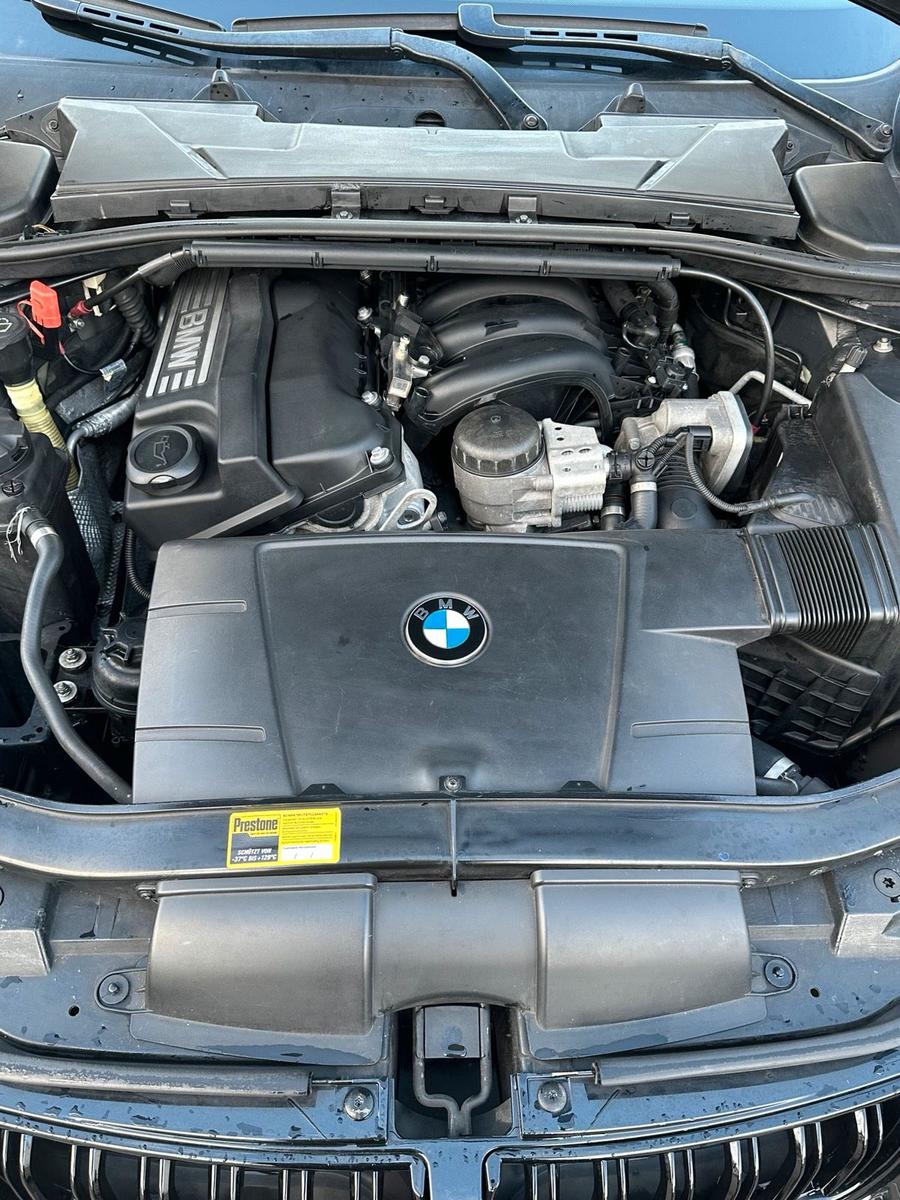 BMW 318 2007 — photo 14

==

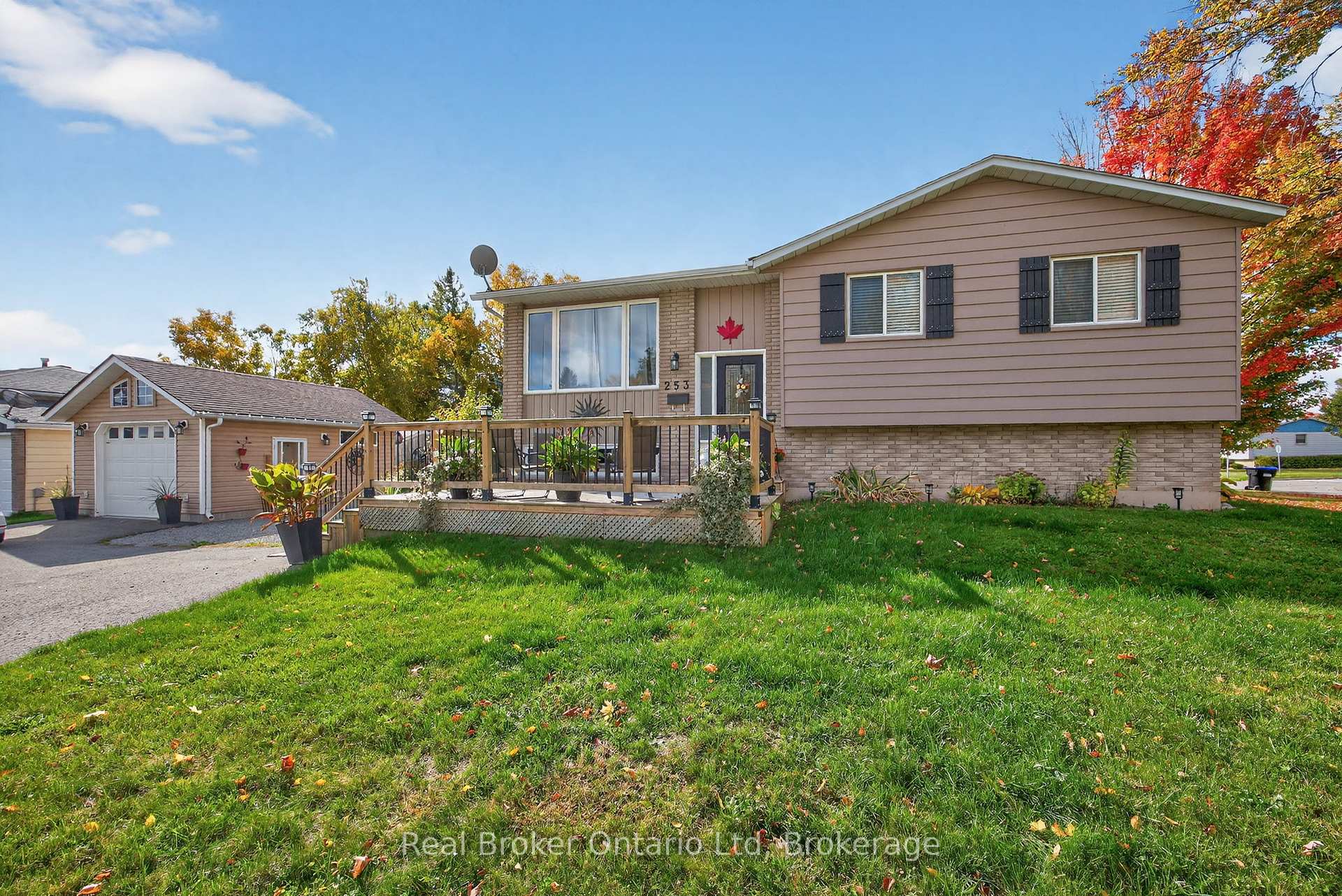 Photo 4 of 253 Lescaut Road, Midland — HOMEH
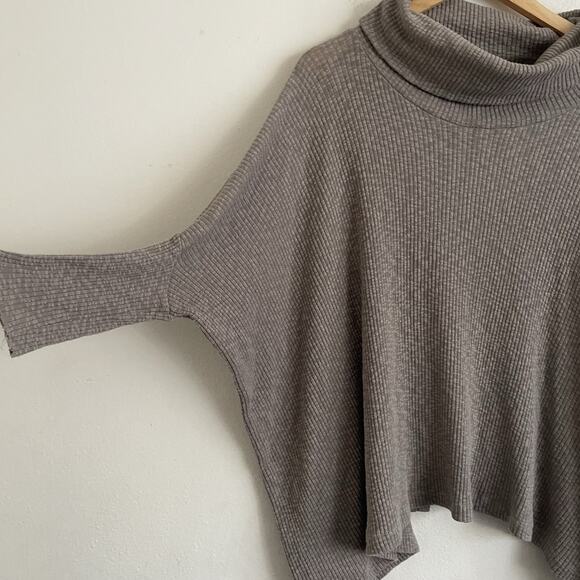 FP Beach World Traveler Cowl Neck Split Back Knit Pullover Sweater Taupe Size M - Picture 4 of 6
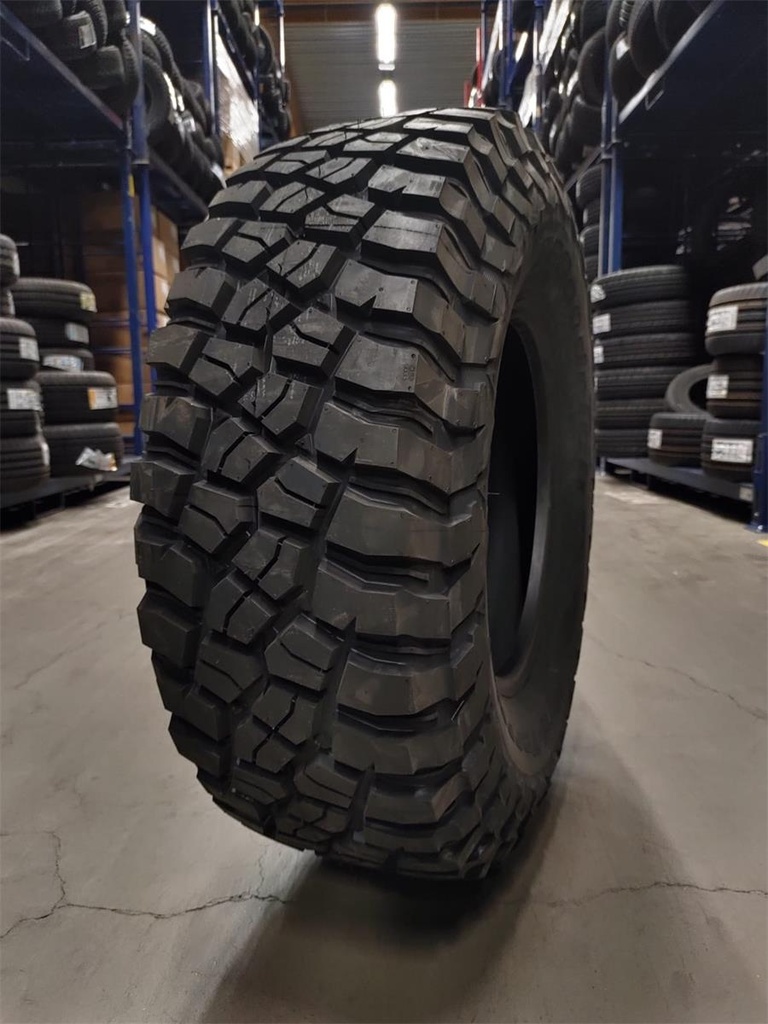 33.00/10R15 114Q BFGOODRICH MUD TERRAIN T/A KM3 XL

» Brief
Those lines of the records above that run from the one containing "FP Beach World" through the one containing "33.00/10R15 114Q BFGOODRICH" should be returned exactly, with no pictures among them.

» Task result
 FP Beach World Traveler Cowl Neck Split Back Knit Pullover Sweater Taupe Size M - Picture 4 of 6
 33.00/10R15 114Q BFGOODRICH MUD TERRAIN T/A KM3 XL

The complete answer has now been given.